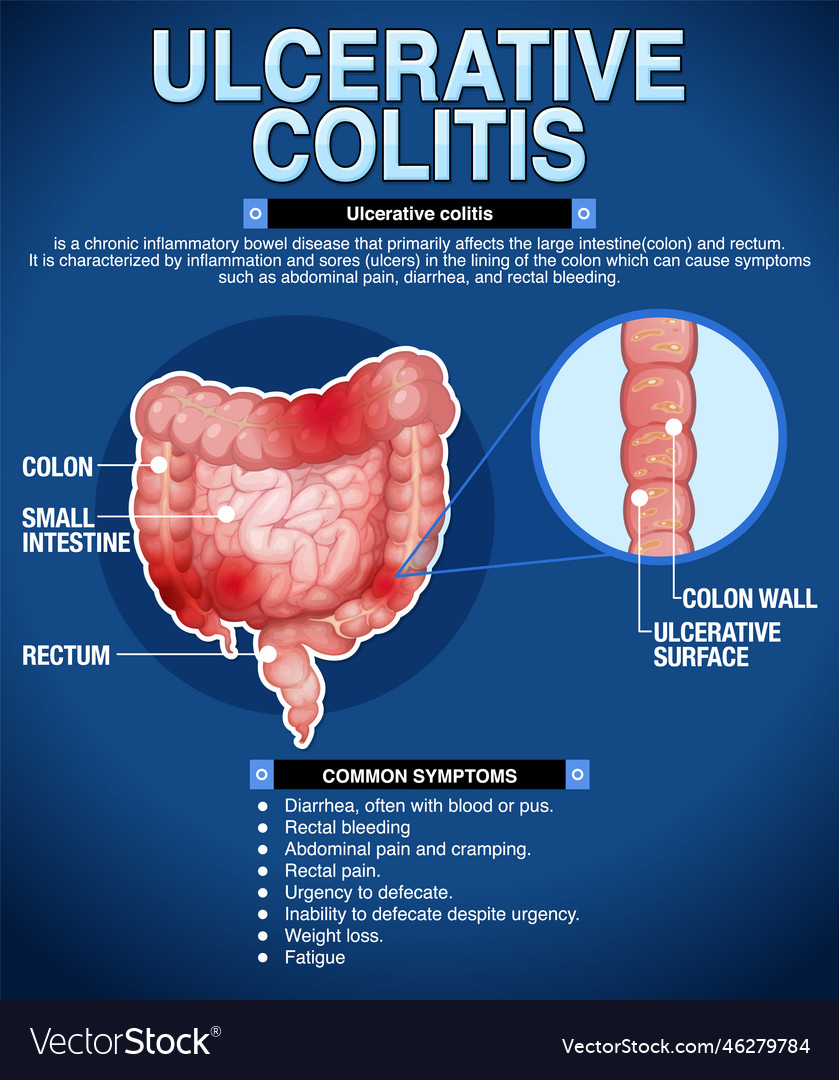 Ulcerative colitis symptoms infographic Royalty Free Vector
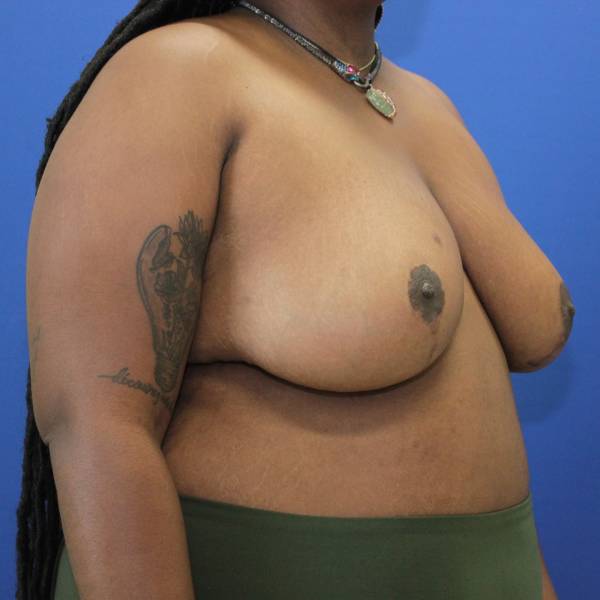 after breast reduction with lift right angle view case 1543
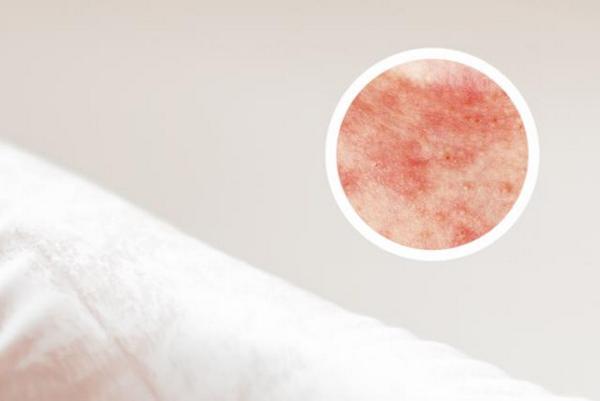 长春找博润专注治疗皮肤病-长春哪个医院看银屑病好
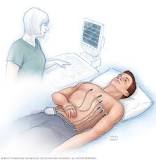 Electrocardiogram (ECG or EKG) - Mayo Clinic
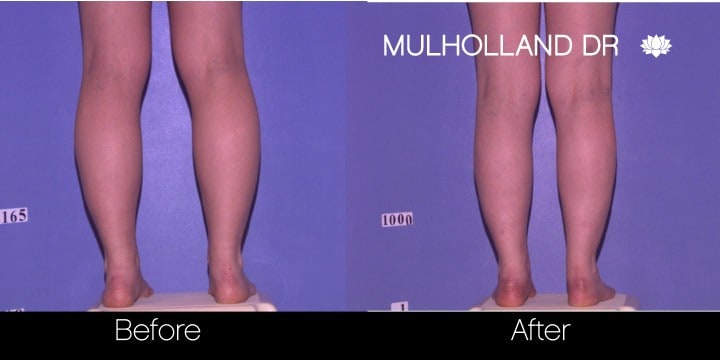 BodyTite Liposuction - Before and After Gallery - Patient Photo 90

================================

- **Exercise prompt**
Your output should be the lines from the one with "Electrocardiogram (ECG or EKG) - Mayo Clinic" through the end of the listing, copied exactly and with the pictures left out.

- **Task result**
 Electrocardiogram (ECG or EKG) - Mayo Clinic
 BodyTite Liposuction - Before and After Gallery - Patient Photo 90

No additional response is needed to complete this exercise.